The Great Compounding Reversal, CagriSema's Report Card, and the May 2026 Cardiometabolic Pipeline

The most significant news for the peptide research community in early 2026 isn't a new drug — it's a regulatory pivot. On February 27, 2026, the Department of Health and Human Services announced a formal re-evaluation of the 'Restricted List' that has shaped compounding pharmacy access since 2024.

Approximately 14 to 19 peptides — including BPC-157, Thymosin Alpha-1, CJC-1295, and MOTS-c — are being moved back to Category 1 status. The reversal stems from a lack of demonstrable safety signals to justify their prior removal.

Licensed compounding pharmacies are officially ramping up production again under physician supervision, effectively ending the 2024–2025 'dark ages' of domestic peptide access.

CagriSema has moved from 'promising pipeline' to the center of a clinical tug-of-war with Eli Lilly's Tirzepatide.

In the REDEFINE-4 Phase III head-to-head concluded in February 2026, the results were a 'victory with an asterisk.' Tirzepatide (15 mg) technically edged out CagriSema, showing 25.5% weight loss compared with CagriSema's 23% over 84 weeks. CagriSema failed to meet its primary non-inferiority objective, sparking debate over whether triple agonists like Retatrutide or dual agonists will ultimately reign.

While CagriSema slightly trailed in pure weight loss, REIMAGINE-2 data from February 2026 shows it significantly outperformed Ozempic in blood sugar control, achieving an HbA1c reduction of 1.91% versus Ozempic's 1.76%.

A meta-analysis presented at the American College of Cardiology in late March 2026 also flagged a 'side effect paradox': despite combining two mechanisms, CagriSema actually ranked better than semaglutide alone for GI tolerability, suggesting a synergistic 'smoothing' effect when the amylin analog is paired with the GLP-1.

Novo Nordisk officially submitted CagriSema for FDA approval in December 2025. A decision is expected by mid-to-late 2026. Beyond weight, CagriSema is the first fixed-dose multi-mechanism peptide to show a meaningful reduction in serum uric acid — a profile that may make it a primary choice for patients managing metabolic syndrome alongside gout or renal markers.

While the market is focused on GLP-1 and GIP, the April 28, 2026 topline results from the SYNCHRONIZE-1 Phase III trial highlight a different path: the GLP-1 / glucagon dual agonist Survodutide.

Unlike GIP-focused drugs, Survodutide's glucagon component directly targets energy expenditure and liver fat. The Phase III data showed a 16.6% average weight loss and a substantial clearance effect on liver lipids, positioning it as a likely gold standard for MASH (Metabolic Dysfunction-Associated Steatohepatitis).

The trial also reported a statistically significant reduction in waist circumference — visceral fat — far exceeding what caloric restriction alone would explain.

Q1 2026 introduced two new classes of molecules that look nothing like traditional linear peptides.

Graspetides are ribosomally synthesized macrocyclic peptides. Their strained cyclic structure makes them virtually immune to protease degradation. Recent bioinformatics-driven synthesis has unlocked a library of these capable of hitting traditionally 'undruggable' intracellular targets.
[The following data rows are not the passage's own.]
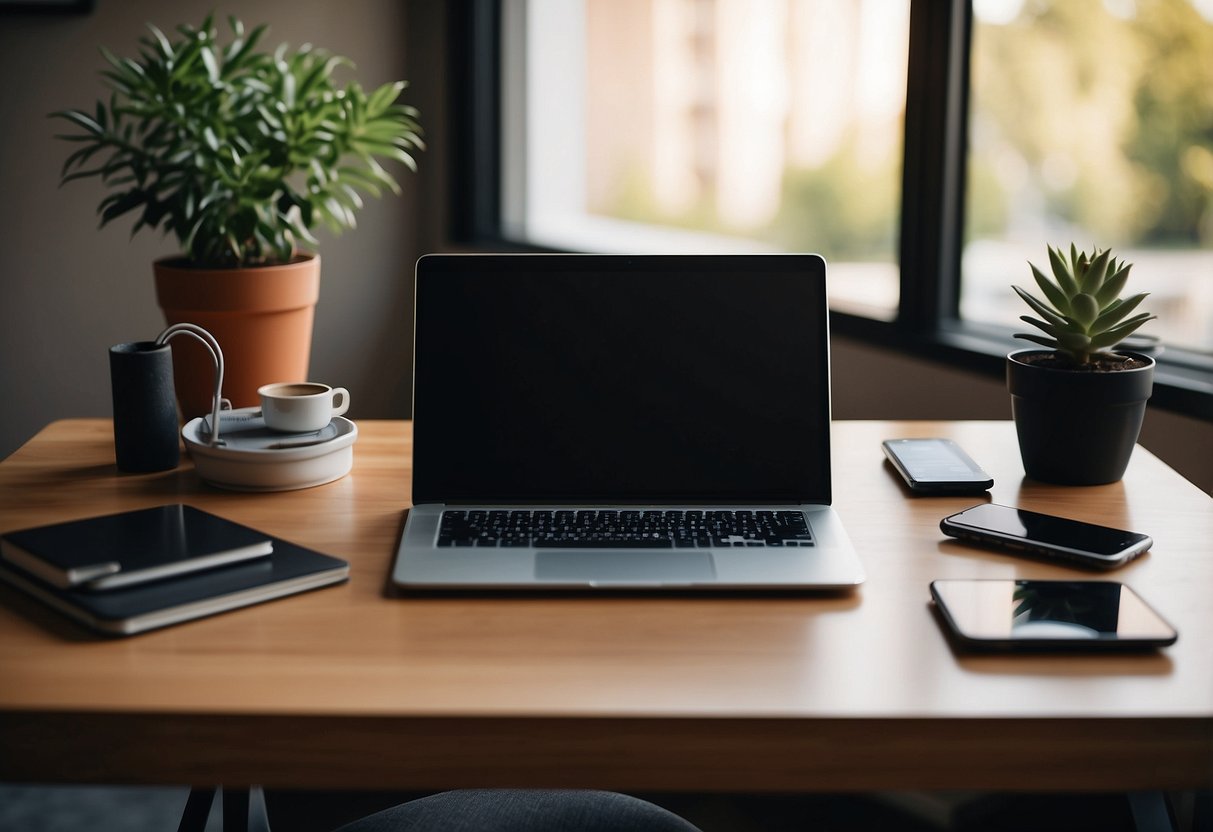 Step 1: Essential equipment laid out on a desk: laptops, mobile devices, software, and applications for setting up a virtual office for remote workers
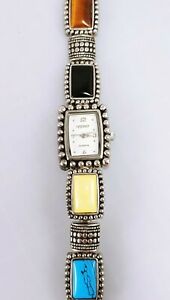 【送料無料】腕時計　タイガーアイターコイズオニキスシルバーウォッチブレスレットladies womans appear gemstone tiger eye turquoise onyx silver watch bracelet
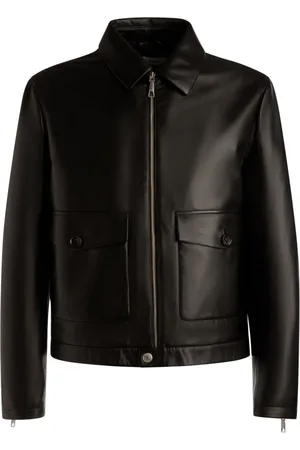 Bally Cargo-pockets leather bomber jacket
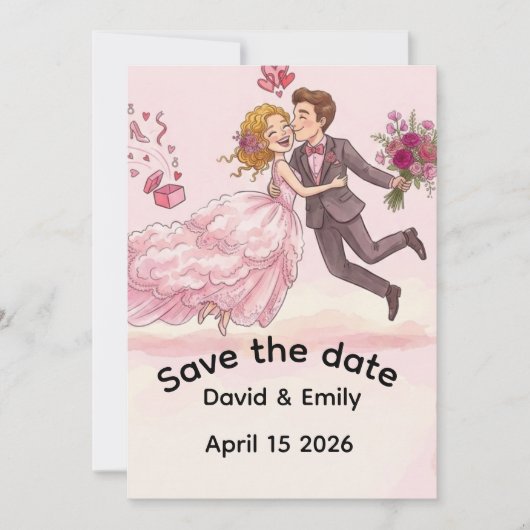 ロマンティックなイラストの結婚式Save+the+Date招待状 招待状 (正面)
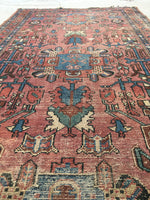 3'7 x 6'3 worn antique Persian Malayer - Blue Parakeet Rugs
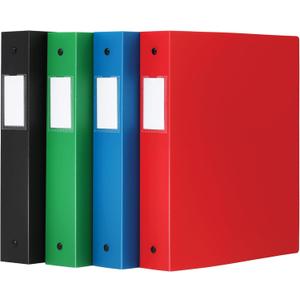 Oxford Flexible Binders, Binders for School and Office, Strong Flexible Poly, 4 Clear Pockets, Holds up to 350 Sheets, 1.5 inch Binder, 4 Assorted Colors: Black, Green, Blue and Red, 4-Pack (1009729)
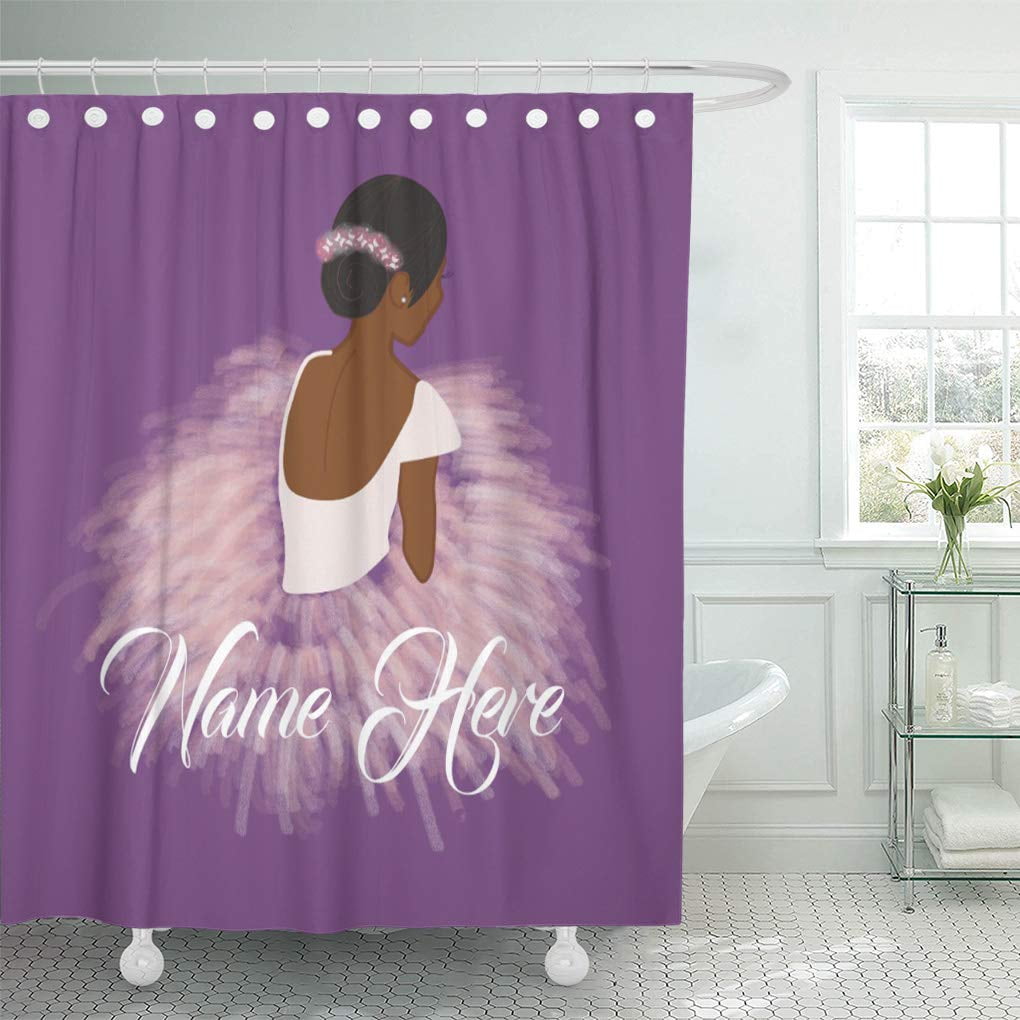 CYNLON Dancer Personalized Name Ballerina American Black Girl Umeimages Bathroom Decor Bath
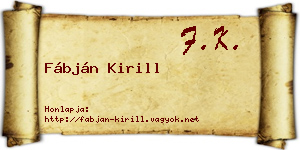 Fábján Kirill névjegykártya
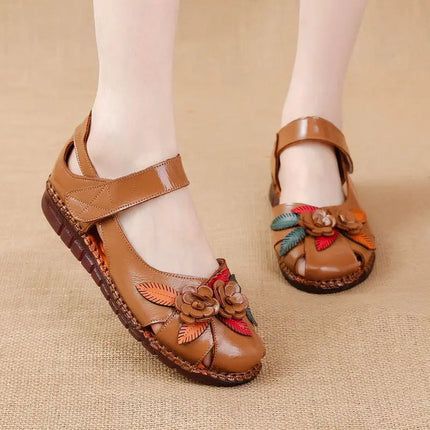 Size 42 Flat Heel Genuine Leather Sandals Woman Summer Hollow Out Shoes Mom Women's Retro Flower Orthopedic Sandals for Ladies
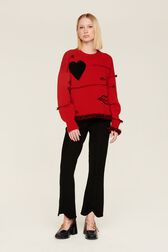 Women Charms Intarsia Wool Sweater Red details view 1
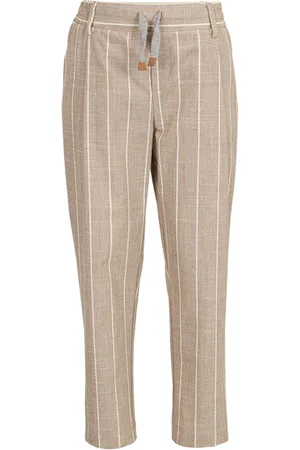 ELEVENTY Pantaloni Beige Gessati Con Coulisse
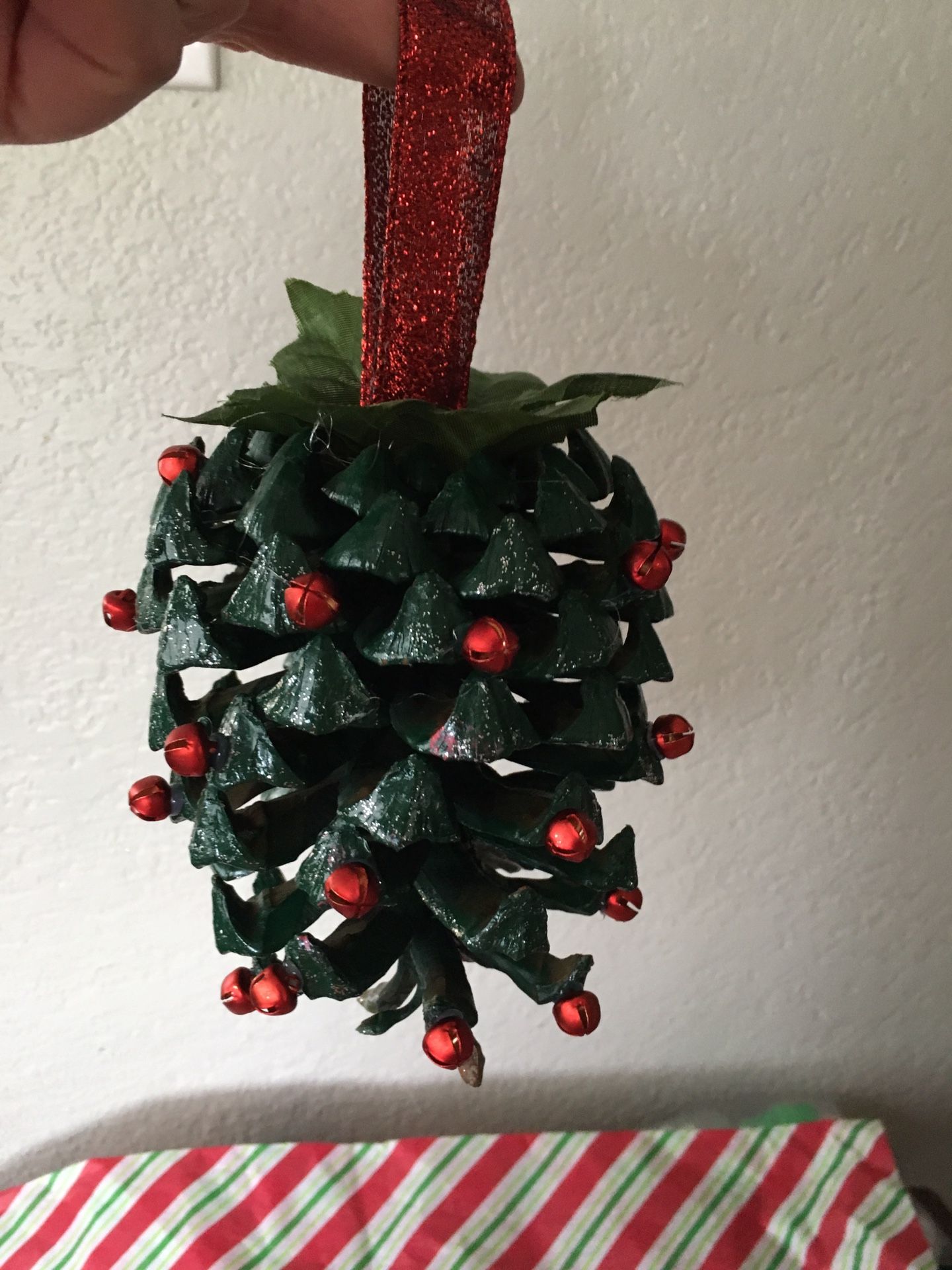 Mini- Christmas stockings /pinecone ornaments sale.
Picobodies are derived from bovine antibody knob domains — autonomous, ultra-structured peptides being engineered for radiopharmaceutical delivery. They allow clinicians to guide radioactive isotopes directly to tumor clefts with greater specificity than traditional antibodies.

From the MED Journal on March 30, 2026, the high-dose (9 mg) Mazdutide results have set a new benchmark for dual-agonist efficacy in Asian populations.

In a 48-week study, Mazdutide achieved an 18.6% placebo-adjusted weight reduction. More notably, it showed a significant reduction in serum uric acid levels — a unique metabolic benefit that could make it a primary choice for patients with comorbid gout or chronic kidney markers.

Combined with the uric acid effect seen with CagriSema, the trend suggests the next generation of metabolic peptides will be evaluated not just on weight loss, but on the breadth of their cardiometabolic 'halo' across uric acid, blood pressure, hepatic lipids, and waist circumference.